QuickStudy: Cache Memory
Computerworld - Computers store data using a similar hierarchy. When applications start, data and instructions are moved from the slow hard disk into main memory (dynamic RAM, or DRAM), where the CPU can get them more quickly. DRAM acts as a cache for the disk.
Levels Upon Levels
Although DRAM is faster than the disk, it's still pokey. So data that's needed more often is moved up to the next faster memory, called the Level 2 (L2) cache. This may be located on a separate, high-speed static RAM chip next to the CPU, but new CPUs usually incorporate the L2 cache directly on the processor chip.
At the highest level, the most frequently used information - say, the instructions in a loop which execute repeatedly - is stored directly on a special section of the processor chip, called Level 1 (L1) cache.
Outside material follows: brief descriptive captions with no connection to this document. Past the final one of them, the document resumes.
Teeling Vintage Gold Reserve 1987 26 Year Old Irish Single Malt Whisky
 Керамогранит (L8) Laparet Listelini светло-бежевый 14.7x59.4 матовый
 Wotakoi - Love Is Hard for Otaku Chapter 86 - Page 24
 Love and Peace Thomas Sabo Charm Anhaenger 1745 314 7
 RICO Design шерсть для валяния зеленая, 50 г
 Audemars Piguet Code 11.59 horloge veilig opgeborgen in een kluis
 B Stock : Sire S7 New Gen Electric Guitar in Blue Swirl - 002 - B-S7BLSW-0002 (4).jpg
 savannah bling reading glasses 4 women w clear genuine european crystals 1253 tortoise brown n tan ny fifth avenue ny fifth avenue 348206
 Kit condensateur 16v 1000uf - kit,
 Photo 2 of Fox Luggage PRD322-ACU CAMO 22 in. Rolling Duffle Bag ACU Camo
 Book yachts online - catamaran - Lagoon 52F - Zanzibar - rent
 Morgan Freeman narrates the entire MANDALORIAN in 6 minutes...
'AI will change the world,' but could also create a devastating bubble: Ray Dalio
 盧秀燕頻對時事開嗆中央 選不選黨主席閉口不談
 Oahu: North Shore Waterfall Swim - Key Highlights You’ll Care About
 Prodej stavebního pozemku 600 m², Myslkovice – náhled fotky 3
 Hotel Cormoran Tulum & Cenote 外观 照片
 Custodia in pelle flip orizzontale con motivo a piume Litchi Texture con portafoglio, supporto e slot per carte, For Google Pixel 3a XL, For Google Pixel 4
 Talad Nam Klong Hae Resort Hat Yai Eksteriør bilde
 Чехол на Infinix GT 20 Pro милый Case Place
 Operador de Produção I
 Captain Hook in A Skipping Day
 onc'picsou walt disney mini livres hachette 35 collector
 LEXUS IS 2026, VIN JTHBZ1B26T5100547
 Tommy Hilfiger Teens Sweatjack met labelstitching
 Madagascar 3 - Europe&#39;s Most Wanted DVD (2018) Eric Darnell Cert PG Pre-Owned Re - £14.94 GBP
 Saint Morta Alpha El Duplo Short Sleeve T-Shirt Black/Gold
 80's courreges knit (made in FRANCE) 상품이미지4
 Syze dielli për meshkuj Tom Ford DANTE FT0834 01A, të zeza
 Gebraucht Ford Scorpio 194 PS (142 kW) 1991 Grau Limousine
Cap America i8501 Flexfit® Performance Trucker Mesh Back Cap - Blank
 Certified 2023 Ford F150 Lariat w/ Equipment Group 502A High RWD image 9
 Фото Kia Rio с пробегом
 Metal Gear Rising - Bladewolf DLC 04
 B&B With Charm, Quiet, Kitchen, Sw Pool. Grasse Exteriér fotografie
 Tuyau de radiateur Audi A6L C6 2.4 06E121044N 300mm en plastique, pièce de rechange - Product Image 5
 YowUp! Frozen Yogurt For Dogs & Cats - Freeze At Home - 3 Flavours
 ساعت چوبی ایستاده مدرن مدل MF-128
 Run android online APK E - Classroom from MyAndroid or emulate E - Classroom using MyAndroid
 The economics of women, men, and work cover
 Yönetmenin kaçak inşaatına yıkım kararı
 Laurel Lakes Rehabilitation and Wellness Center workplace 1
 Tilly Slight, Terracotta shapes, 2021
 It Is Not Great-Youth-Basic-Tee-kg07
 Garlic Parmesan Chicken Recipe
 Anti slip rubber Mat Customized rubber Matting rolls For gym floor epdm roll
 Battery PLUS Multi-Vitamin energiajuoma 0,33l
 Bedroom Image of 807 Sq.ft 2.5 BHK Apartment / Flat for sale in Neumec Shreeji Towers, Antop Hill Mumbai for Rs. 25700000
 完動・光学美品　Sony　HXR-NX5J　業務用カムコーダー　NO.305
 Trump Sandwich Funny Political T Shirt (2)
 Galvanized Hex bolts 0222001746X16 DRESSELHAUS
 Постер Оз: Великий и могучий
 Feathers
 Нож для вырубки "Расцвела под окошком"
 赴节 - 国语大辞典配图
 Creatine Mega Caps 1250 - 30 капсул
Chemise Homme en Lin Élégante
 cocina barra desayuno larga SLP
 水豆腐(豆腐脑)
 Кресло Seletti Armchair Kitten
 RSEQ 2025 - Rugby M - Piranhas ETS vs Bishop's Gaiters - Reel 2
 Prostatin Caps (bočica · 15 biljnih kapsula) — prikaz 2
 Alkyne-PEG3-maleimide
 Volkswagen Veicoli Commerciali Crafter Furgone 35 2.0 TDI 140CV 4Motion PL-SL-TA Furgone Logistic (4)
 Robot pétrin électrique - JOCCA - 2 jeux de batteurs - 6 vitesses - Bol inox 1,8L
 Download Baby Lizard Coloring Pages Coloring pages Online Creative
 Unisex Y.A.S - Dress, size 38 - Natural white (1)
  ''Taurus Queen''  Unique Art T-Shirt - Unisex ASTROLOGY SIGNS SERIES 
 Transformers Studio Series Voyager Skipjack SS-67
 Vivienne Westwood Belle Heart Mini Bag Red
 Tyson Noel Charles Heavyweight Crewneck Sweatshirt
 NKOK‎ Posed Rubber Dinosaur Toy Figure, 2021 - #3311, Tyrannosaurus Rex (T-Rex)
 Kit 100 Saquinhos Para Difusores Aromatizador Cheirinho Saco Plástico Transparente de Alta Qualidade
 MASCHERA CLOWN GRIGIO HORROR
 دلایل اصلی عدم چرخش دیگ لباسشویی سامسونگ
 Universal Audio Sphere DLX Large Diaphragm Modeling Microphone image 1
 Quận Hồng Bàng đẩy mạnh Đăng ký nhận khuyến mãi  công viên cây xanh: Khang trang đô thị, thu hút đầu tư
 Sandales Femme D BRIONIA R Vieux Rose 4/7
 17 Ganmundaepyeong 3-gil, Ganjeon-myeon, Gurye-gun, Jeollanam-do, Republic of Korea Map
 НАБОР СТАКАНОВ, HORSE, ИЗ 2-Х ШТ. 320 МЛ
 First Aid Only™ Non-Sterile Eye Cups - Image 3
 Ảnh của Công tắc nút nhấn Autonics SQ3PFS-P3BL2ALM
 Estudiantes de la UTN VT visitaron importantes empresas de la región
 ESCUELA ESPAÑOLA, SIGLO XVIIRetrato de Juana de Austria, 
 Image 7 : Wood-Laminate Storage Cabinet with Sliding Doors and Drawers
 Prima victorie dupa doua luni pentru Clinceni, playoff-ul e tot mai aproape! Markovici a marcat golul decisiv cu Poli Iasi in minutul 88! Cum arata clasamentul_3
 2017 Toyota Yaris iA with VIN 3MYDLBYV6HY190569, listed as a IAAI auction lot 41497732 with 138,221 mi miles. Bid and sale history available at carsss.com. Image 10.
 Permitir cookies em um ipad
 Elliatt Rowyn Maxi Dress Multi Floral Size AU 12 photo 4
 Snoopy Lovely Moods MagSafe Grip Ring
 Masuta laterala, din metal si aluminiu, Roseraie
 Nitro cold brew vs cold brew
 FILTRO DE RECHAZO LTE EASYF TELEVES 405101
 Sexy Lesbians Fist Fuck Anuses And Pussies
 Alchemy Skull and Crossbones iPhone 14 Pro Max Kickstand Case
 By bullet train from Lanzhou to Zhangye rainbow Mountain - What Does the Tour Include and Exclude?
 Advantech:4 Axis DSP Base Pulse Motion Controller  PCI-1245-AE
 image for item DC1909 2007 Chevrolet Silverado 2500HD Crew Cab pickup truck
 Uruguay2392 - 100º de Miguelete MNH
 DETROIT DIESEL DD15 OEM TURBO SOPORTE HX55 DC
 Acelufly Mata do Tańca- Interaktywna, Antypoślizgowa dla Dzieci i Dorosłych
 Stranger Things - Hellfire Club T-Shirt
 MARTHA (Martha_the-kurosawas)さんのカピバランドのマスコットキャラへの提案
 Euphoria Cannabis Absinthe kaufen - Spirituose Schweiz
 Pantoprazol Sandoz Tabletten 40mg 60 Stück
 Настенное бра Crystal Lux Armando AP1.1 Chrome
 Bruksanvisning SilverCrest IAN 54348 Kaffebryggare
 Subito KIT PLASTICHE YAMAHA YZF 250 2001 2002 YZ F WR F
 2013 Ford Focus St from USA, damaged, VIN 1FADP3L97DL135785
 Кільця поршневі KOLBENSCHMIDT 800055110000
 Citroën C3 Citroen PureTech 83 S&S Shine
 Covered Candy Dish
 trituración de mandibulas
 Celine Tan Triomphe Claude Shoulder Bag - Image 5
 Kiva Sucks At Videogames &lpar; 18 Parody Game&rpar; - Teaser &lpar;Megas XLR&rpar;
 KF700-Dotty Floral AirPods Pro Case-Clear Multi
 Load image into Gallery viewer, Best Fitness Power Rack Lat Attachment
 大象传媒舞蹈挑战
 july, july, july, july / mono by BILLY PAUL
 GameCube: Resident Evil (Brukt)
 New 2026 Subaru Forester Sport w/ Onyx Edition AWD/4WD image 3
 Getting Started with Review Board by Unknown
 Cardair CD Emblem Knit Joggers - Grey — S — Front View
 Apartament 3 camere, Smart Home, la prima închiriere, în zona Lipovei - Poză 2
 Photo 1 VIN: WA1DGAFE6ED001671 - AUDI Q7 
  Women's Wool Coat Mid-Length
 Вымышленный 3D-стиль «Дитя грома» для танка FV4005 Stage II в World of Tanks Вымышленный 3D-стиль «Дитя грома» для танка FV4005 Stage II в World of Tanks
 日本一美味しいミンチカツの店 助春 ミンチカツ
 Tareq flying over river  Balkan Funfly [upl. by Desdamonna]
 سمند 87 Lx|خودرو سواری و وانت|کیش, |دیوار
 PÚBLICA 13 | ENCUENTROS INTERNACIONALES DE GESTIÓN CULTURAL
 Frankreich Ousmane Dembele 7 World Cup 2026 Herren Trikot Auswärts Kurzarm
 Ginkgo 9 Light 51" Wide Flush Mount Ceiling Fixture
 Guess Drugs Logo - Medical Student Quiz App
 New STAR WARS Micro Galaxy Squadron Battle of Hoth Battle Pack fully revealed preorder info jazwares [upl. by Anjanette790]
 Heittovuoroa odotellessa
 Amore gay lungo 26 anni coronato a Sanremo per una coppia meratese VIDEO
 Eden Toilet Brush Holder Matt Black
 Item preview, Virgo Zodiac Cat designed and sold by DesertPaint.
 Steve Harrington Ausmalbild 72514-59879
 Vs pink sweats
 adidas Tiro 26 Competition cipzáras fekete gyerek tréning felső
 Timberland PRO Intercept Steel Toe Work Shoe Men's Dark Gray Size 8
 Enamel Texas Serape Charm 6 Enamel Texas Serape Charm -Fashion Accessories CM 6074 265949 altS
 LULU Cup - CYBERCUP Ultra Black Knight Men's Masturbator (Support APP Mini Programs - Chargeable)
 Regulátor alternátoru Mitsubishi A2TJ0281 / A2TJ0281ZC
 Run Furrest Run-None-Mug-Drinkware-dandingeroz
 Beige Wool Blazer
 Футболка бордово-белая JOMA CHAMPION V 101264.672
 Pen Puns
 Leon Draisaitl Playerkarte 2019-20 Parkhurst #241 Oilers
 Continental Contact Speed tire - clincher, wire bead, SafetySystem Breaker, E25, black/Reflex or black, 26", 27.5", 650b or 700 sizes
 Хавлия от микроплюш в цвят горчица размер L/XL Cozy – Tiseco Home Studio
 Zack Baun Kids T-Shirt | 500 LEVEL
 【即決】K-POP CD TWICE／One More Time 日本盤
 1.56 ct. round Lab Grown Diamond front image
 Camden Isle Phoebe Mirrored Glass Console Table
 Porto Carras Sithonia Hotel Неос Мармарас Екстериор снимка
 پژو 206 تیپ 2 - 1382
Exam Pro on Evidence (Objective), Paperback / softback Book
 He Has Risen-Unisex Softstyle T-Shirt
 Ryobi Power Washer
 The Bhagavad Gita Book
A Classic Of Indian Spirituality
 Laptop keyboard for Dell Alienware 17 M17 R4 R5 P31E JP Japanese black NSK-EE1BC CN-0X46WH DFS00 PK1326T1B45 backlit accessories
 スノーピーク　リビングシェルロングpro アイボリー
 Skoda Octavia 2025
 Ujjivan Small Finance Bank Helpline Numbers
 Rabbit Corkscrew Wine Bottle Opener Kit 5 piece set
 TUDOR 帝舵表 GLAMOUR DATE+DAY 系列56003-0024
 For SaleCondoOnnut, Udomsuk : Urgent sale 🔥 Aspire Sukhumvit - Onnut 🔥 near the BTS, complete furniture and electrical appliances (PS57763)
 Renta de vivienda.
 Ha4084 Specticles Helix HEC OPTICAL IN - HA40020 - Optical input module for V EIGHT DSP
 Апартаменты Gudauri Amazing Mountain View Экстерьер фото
This is the fastest memory of all.
Intel Corp.'s Pentium III processor has 32KB of L1 cache on the processor chip and either 256KB of L2 on-chip or 512KB of L2 off-chip. The L2 cache on the CPU chip can be accessed four times faster than if it were on a separate chip.
When the processor needs to execute an instruction, it looks first in its own data registers. If the needed data isn't there, it goes to the L1 cache and then to the L2 cache. If the data isn't in any cache, the CPU calls out to the main RAM. It might not even be there, in which case the system has to retrieve it from the disk.
When the CPU finds data in one of its cache locations, it's called a "hit"; failure to find it is a "miss." Every miss introduces a delay, or latency, as the processor tries a slower level. In a well-designed system with software algorithms that prefetch data before it's requested, the hit rate can reach 90%.
For high-end processors, it can take from one to three clock cycles to fetch information from L1, while the CPU waits and does nothing. It takes six to 12 cycles to get data from an L2 on the processor chip, and dozens or even hundreds of cycles for off-CPU L2.
Caches are more important in servers than in desktop PCs because servers have so much traffic between processor and memory generated by client transactions. Intel turned a 50-MHz, 80486-based PC into a server in 1991 by adding a 50-MHz cache to the processor chip. Although the bus connecting processor and memory ran only at 25 MHz, this cache let many programs run entirely within the 486 chip at 50 MHz.